(powiat myszkowski) W nocy z piątku na sobotę 16/17 marca, przez teren powiatu myszkowskiego przejeżdżał ogromny transport metalowych elementów, które posłużą przy budowie jednej z rafinerii ropy naftowej w Kolumbii. Nie obyło się bez problemów: przejazd szerokiego na ponad 5 metrów i wysokiego na 8 metrów składu spowodował uszkodzenia przewodów linii niskiego napięcia w co najmniej kilkunastu miejscach.
Jak powiedzieli Gazecie Myszkowskiej na miejscu pracownicy kieleckiej firmy Sices, producenta ogromnych części, transport wyruszył z Kielc, by następnie drogami krajowymi i wojewódzkimi trafić na teren powiatu myszkowskiego. W gminie Niegowa przejechał przez Tomiszowice, Niegowę, następnie w Żarkach jadąc niezmiennie Drogą Wojewódzką 789 „odbił” na ul. Koziegłowską, przejeżdżając przez Koziegłowy i Gniazdów, do Woźnik. Tym samym opuścił teren powiatu myszkowskiego, kierując się dalej, aż do Opola. O to, co dalej stanie się z niecodziennym transportem, zapytaliśmy przedstawicieli firmy Sices z Kielc, producenta części: - Za około 2 tygodnie części z cieżarówek będą załadowane na barkę i popłyną Odrą do Szczecina. Potem ładunek trafi na statek i popłynie aż do Ameryki Południowej, do jednego z portów – mówi Magdalena Mojecka, Specjalista ds. Zarządzania Projektami w Sices. Ciekawość wszystkich budził ogromny ładunek, składający się z dwóch gigantycznych zbiorników, szerokich na 5 i pół metra, wysokich na prawie 8 metrów, długich na 15 metrów i ważących razem ponad 150 ton. – Są to zbiorniki ciśnieniowe, które posłużą w budowie jednej z rafinerii naftowej w Kolumbii, w mieście Cartagena. Przewożone elementy służą do połączenia z rurociągiem. Ciekawostką jest, że podczas transportu oba zbiorniki były wypełnione wewnątrz azotem, żeby uchronić całość przed korozją – dodaje M. Mojecka.

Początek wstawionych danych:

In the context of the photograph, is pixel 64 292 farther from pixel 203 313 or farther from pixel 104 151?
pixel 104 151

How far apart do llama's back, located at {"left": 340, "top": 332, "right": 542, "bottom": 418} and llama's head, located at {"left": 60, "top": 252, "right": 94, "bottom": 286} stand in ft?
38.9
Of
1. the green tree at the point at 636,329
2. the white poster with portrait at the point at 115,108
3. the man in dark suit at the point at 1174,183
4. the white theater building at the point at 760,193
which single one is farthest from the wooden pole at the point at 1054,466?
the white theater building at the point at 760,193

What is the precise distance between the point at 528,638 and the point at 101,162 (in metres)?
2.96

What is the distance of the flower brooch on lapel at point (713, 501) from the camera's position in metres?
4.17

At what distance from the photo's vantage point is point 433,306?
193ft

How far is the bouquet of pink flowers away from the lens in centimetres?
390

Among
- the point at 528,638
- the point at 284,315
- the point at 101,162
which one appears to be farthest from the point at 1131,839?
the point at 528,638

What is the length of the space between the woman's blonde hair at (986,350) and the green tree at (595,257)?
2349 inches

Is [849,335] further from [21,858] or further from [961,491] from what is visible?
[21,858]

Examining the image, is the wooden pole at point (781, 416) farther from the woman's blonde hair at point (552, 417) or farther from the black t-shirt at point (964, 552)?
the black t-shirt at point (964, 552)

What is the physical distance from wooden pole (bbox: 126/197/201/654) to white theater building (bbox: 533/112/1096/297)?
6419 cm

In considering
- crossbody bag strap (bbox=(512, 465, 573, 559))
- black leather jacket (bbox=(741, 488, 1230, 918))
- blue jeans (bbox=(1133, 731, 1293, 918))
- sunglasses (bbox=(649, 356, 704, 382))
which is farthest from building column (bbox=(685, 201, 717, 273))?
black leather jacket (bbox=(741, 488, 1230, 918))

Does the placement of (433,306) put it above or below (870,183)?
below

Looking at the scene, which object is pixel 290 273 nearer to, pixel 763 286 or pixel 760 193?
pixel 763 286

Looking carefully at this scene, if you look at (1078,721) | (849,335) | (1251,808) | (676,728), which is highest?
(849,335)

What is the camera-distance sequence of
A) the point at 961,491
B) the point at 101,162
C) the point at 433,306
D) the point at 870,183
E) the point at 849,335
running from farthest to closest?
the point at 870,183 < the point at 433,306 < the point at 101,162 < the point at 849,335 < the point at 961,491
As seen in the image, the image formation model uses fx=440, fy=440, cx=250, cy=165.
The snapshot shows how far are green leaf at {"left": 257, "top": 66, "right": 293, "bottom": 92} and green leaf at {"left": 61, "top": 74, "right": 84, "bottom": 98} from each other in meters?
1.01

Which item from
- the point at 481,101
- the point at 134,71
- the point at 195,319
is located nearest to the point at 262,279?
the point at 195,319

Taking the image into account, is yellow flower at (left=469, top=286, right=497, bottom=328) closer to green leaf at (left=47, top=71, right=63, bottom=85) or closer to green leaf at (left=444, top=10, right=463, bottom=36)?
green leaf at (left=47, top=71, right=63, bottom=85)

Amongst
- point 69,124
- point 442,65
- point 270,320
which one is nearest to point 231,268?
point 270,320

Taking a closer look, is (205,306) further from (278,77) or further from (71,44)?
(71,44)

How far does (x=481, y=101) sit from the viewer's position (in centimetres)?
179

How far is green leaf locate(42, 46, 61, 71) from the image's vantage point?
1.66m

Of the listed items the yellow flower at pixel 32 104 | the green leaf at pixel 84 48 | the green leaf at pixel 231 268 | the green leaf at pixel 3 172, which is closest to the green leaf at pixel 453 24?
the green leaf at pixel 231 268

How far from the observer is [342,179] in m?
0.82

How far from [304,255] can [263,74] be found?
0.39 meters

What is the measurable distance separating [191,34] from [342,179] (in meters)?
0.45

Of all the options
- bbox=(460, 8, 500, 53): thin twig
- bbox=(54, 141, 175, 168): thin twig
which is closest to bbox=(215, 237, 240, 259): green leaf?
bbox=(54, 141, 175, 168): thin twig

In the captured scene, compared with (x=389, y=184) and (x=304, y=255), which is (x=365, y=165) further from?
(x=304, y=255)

ŁADUNEK ZRYWAŁ KABLE ENERGETYCZNE
Magdalena Mojecka dodaje, że transport dwóch kolosów przebiegł sprawnie, jednak w samych Kielcach, skąd transport wyruszył, trzeba było specjalnie na ten czas przebudować 9 sygnalizacji świetlnych, a największy problem stanowiły wiszące kable energetyczne. Wiele z nich przebudowano, jednak mimo to nie udało się uniknąć uszkodzeń. Jak informuje Jacek Piersiak, rzecznik prasowy Tauron Dystrybucja, uszkodzonych zostało kilkanaście linii niskiego napięcia: - W trakcie przejazdu były przypadki, w których zerwaniu ulegał przewód niskiego napięcia, będący naszą własnością, ale był od razu reperowany. Problemy wyniknęły z faktu, że ładunek miał mieć wysokość 7,3 m, a w ocenie naszych pracowników, nadzorujących linie, podczas przejazdu miał 8 metrów. Nie mamy natomiast żadnych, poza jednym przypadkiem zgłoszeń, w których uszkodzeniu uległby majątek prywatny – informuje Jacek Piersiak. Tak się składa, że ten jeden przypadek na własne oczy widział dziennikarz Gazety Myszkowskiej: transport wyraźnie przeważał nad wiszącym kablem, jednak nikt nie zareagował, by zapobiec jego zerwaniu. Kierowca ciężarówki, najwyraźniej nieświadomy sytuacji, zwyczajnie przejechał i zerwał sieć. Mało tego, oprócz kabla, zniszczony został znajdujący się na dachu domu metalowy maszt, do którego linia była przymocowana.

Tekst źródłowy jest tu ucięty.